Then the phone rang.

Team USA wanted Giambi back. Specifically, Coach Ron Fraser wanted Giambi’s bat in the lineup to help bolster an offensive attack that had been sputtering during the squad’s pre-Olympic schedule. Was Giambi still interested in going for the gold in Barcelona, where for the first time baseball will be contested as a medal sport?

“My first reaction was, ‘Is this a joke?’ ” said Giambi, a left-handed hitter. “Of course I wanted to rejoin the team. I had been dreaming about it ever since I saw Will Clark and those guys play in Los Angeles in 1984.

“I guess you could say that I’ve seen both worlds. I know what it feels like to be cut, and I know what it feels like to make the team.

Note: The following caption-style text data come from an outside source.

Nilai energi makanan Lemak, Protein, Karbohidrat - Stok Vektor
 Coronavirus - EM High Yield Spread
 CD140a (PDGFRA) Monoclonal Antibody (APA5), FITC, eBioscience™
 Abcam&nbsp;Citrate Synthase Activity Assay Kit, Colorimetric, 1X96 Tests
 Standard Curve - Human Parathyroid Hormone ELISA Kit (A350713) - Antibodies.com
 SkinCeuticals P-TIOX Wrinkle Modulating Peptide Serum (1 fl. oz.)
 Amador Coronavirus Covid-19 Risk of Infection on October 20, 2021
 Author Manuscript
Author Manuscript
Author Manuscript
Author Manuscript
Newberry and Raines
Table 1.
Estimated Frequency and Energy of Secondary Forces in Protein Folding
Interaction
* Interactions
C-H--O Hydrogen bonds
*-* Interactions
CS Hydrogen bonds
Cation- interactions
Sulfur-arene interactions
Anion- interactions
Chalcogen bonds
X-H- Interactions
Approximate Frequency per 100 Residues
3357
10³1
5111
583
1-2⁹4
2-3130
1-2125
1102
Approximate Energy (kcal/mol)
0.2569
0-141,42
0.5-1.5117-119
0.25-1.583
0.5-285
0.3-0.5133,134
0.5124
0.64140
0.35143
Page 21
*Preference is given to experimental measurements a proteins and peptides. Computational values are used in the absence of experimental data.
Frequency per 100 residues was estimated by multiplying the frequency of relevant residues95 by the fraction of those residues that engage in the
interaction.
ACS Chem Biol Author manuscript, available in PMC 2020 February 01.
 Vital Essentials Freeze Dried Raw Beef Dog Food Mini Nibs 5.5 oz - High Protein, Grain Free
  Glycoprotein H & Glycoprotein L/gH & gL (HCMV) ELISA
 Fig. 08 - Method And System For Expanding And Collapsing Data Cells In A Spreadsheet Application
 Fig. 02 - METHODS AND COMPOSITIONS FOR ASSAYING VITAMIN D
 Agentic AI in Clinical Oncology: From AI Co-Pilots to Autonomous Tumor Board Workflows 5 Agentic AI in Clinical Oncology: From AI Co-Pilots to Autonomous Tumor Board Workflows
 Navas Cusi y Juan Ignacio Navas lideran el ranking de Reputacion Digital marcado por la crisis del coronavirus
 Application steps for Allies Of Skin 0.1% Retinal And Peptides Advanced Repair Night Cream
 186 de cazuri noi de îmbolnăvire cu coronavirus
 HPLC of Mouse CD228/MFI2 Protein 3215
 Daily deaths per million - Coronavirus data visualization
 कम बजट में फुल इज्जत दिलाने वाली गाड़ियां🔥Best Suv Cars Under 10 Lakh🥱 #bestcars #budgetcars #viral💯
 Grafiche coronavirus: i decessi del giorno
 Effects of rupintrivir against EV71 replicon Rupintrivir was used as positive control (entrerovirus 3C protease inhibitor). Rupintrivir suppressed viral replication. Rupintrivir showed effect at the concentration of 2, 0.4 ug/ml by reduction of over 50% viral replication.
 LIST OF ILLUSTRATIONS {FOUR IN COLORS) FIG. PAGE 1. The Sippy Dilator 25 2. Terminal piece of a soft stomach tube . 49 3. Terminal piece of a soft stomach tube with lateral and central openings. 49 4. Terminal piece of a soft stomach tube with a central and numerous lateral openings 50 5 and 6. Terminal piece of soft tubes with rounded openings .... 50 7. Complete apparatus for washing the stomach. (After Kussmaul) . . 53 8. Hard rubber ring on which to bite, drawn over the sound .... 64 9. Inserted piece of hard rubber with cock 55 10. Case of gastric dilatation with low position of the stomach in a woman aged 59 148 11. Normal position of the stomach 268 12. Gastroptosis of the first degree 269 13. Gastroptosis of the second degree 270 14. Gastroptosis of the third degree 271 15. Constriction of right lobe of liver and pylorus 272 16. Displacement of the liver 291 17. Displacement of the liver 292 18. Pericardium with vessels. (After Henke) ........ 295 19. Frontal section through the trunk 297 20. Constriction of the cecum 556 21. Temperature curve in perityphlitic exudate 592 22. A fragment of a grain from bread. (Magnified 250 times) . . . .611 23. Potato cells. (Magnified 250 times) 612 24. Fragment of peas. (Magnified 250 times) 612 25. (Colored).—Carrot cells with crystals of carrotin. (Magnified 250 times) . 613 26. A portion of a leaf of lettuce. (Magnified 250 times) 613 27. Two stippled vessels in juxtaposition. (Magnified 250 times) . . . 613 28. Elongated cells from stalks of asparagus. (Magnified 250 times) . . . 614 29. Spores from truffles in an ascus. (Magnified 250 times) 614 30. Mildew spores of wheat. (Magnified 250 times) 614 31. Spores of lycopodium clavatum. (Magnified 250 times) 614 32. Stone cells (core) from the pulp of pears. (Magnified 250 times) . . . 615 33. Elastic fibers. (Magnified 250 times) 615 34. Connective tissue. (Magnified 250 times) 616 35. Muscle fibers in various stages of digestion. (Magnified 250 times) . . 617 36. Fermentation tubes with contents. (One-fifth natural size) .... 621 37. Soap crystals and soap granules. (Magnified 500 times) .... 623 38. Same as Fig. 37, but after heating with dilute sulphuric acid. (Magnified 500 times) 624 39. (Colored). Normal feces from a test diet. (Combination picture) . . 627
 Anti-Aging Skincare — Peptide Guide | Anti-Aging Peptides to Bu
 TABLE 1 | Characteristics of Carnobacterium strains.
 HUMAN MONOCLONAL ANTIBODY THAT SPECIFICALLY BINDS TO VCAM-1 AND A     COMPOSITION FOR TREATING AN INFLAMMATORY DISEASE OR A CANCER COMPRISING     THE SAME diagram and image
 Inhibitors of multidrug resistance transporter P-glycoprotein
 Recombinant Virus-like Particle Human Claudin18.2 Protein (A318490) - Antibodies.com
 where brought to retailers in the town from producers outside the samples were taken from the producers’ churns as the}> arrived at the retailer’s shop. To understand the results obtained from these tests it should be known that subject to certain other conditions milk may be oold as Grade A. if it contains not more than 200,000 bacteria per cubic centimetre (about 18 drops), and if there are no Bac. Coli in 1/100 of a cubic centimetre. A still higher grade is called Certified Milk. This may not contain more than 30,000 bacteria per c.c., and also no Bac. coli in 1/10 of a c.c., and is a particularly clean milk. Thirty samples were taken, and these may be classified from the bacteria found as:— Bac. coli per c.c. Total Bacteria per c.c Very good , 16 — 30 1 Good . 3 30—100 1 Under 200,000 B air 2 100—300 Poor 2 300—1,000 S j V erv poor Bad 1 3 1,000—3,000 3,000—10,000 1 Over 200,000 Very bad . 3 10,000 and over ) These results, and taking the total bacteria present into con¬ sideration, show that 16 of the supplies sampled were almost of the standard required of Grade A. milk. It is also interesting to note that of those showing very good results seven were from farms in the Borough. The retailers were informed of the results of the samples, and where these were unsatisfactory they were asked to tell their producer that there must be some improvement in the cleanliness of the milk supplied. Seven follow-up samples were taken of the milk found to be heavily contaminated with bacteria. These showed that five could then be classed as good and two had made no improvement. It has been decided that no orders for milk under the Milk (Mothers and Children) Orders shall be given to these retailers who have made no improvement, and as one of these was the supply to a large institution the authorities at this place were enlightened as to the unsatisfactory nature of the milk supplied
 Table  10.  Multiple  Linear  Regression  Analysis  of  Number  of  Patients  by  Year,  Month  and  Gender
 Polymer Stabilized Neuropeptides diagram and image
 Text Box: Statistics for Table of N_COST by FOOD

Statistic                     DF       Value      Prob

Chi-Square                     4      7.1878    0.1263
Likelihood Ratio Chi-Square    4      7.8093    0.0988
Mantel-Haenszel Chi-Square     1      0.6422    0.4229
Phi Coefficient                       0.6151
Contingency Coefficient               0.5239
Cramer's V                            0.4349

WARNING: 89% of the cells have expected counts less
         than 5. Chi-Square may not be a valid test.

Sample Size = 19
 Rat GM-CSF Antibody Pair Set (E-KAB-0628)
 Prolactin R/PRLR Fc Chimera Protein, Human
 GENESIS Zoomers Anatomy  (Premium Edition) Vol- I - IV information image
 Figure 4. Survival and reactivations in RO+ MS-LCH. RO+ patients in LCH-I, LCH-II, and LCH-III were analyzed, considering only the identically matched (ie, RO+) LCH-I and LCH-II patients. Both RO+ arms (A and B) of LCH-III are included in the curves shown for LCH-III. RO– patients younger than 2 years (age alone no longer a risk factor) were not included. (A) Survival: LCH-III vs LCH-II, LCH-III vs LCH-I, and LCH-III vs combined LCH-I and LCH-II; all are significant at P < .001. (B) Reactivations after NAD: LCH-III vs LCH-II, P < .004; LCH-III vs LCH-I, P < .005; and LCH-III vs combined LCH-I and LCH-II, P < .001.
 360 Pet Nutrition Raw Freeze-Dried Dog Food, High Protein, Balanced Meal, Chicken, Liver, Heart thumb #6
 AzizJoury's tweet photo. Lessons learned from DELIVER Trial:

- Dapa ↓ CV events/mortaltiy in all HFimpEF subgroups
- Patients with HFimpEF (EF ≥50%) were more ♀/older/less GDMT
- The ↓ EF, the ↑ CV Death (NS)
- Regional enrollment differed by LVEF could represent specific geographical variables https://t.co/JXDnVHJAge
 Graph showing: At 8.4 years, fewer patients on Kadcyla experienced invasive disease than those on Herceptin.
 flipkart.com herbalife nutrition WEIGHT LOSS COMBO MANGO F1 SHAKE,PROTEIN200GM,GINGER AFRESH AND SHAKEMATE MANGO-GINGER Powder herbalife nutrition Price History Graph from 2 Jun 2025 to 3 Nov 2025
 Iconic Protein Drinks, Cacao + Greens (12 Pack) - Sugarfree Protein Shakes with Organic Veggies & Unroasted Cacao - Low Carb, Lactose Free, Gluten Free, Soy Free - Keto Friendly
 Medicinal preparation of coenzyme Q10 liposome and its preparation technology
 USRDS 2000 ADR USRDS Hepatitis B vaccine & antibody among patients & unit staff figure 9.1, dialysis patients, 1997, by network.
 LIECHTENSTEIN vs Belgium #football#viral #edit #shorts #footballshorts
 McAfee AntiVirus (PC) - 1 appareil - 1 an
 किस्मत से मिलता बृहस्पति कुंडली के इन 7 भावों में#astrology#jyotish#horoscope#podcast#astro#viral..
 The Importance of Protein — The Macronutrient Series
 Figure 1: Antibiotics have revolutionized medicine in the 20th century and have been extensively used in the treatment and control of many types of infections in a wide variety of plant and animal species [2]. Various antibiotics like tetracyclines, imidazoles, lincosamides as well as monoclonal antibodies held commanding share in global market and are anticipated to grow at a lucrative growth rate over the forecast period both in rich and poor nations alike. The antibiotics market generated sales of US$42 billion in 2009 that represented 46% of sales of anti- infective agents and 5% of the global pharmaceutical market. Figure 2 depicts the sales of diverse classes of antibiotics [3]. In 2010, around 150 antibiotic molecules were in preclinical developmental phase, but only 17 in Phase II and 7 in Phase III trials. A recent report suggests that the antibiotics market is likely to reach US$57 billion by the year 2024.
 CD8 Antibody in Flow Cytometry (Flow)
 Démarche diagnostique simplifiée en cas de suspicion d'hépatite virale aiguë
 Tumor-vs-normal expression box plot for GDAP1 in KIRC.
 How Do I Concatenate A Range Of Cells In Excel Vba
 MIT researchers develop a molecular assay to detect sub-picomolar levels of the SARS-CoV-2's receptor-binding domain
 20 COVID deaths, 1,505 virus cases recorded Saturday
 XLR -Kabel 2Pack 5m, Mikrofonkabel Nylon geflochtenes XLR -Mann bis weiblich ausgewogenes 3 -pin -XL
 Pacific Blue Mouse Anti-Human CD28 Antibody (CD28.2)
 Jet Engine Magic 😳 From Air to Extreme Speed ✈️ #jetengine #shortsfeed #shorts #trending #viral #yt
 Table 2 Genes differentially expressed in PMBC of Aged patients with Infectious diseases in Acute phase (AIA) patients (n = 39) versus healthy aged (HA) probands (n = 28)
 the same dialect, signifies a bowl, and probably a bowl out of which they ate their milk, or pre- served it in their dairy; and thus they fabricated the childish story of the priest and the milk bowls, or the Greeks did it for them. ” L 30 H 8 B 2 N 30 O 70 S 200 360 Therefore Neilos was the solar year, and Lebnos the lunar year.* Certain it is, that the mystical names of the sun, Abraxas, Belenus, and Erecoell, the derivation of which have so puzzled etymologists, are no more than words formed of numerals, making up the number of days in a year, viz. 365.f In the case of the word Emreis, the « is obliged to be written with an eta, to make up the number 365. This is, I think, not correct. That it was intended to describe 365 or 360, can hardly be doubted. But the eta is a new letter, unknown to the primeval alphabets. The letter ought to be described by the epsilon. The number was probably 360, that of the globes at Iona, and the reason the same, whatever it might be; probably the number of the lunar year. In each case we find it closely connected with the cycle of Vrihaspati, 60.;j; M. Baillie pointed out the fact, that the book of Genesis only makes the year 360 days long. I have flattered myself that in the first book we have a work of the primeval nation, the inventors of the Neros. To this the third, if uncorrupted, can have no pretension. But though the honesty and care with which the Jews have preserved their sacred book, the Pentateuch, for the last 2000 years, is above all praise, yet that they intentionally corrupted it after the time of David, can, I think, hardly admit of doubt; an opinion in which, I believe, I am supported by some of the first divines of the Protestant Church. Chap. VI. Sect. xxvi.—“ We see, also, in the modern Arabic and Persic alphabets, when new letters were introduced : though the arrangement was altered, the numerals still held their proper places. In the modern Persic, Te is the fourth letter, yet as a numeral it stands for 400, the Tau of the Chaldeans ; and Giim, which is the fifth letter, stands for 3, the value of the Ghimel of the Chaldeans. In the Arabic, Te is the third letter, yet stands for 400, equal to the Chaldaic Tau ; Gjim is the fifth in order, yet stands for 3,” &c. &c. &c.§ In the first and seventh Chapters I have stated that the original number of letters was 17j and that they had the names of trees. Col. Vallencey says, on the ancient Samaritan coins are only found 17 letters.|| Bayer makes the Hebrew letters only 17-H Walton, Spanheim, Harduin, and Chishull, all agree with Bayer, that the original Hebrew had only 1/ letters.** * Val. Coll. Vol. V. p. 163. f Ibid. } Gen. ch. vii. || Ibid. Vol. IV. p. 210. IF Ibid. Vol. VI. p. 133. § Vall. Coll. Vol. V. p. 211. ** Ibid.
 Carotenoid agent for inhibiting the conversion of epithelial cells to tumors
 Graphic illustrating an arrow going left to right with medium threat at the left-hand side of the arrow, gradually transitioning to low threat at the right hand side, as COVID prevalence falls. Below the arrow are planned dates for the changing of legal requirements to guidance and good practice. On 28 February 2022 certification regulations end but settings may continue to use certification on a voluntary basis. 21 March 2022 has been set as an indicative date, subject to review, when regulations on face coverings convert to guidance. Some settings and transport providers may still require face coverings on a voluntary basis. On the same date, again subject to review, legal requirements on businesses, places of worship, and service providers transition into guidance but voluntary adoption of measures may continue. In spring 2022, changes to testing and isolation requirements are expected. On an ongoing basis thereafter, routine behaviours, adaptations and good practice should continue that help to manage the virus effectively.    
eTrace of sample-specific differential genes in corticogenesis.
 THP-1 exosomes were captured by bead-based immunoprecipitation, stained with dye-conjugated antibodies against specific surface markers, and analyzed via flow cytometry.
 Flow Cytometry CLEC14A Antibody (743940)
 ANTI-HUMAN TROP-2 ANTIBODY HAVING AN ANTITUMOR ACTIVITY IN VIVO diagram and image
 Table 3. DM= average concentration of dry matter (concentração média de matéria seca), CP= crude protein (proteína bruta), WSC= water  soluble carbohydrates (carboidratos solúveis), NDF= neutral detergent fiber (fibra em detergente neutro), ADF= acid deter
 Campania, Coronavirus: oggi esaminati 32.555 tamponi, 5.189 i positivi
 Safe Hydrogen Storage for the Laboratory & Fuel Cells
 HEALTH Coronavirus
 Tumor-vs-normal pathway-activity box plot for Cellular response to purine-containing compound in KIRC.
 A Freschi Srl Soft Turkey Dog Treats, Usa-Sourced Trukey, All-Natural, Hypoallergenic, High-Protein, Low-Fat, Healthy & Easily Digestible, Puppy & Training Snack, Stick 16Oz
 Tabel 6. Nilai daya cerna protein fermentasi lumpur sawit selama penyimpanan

“There must be somebody upstairs looking out for me.”

The 6-foot-2, 195-pound Giambi helped lead Long Beach to the College World Series in 1991 and was a member of the U.S. team that won a bronze medal at the Pan American Games in Cuba last summer. During this past season, Giambi, 21, batted .363 for the 49ers, who lost to Texas in the Central Regional of the NCAA playoffs at Austin, Tex.

With Long Beach Coach Dave Snow on the Olympic coaching staff, Giambi and 49er shortstop Chris Gomez were considered favorites to win positions on the final 20-player team.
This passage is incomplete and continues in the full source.